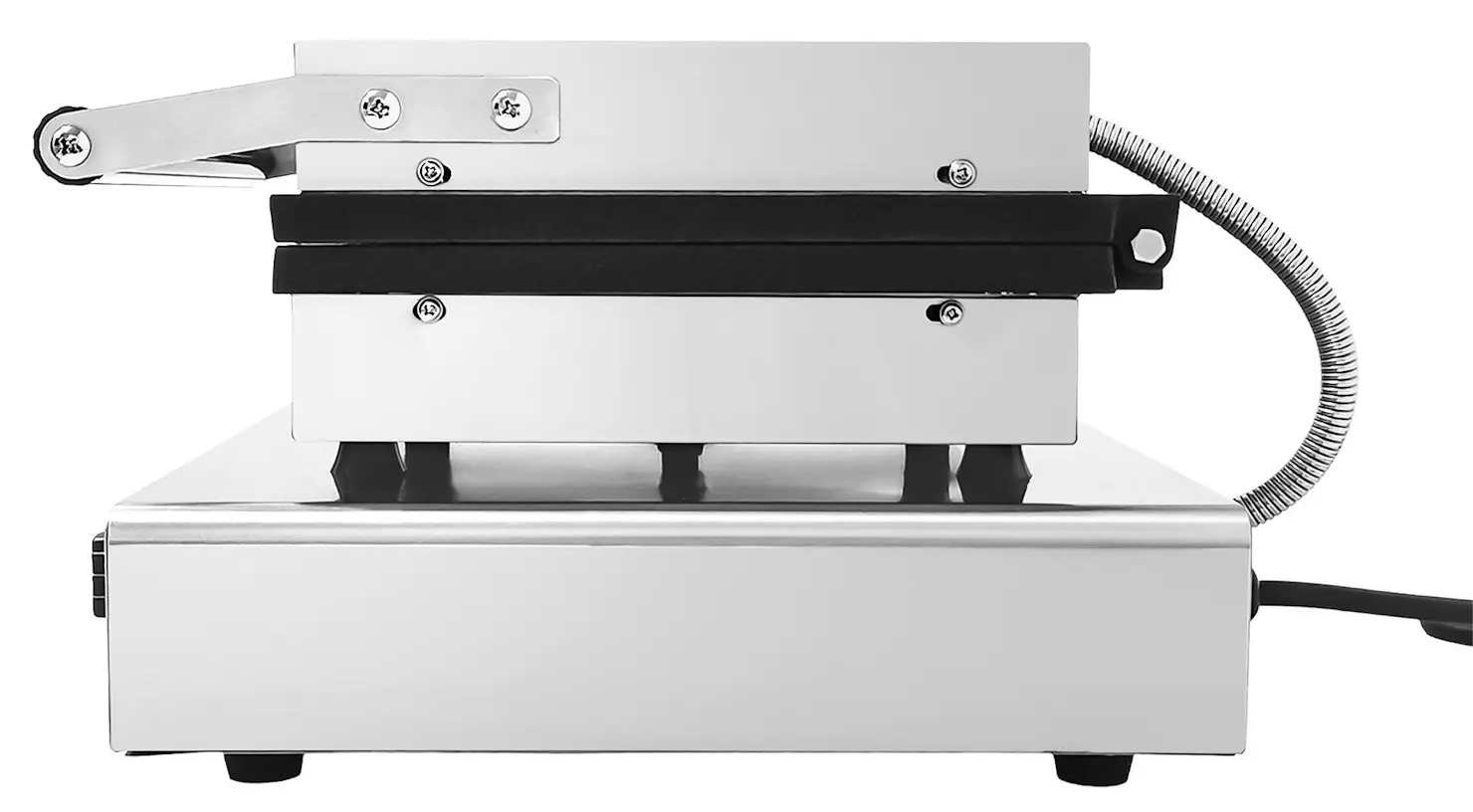 Aparat de facut mini-clatite GGM Gastro PMJ4 (Inox/Black) - 6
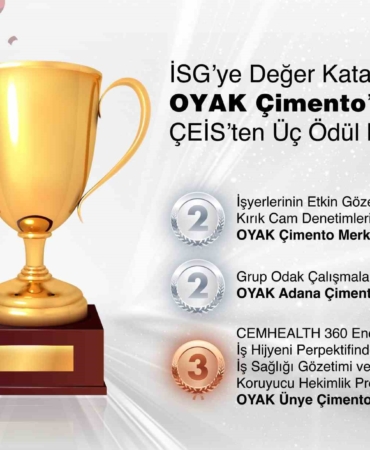 OYAK Çimento’ya ÇEİS’ten üç ödül birden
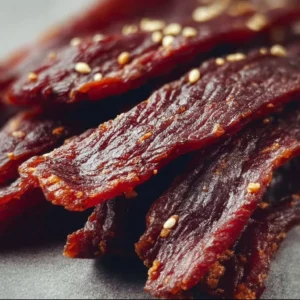 Korean BBQ beef jerky snack packed with flavor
★ ★ ★ ★ ★ ★ ★
= Exercise =
Exclude every picture and copy the remaining data exactly.

= Solved problem =
 Aparat de facut mini-clatite GGM Gastro PMJ4 (Inox/Black) - 6
 OYAK Çimento’ya ÇEİS’ten üç ödül birden
 Korean BBQ beef jerky snack packed with flavor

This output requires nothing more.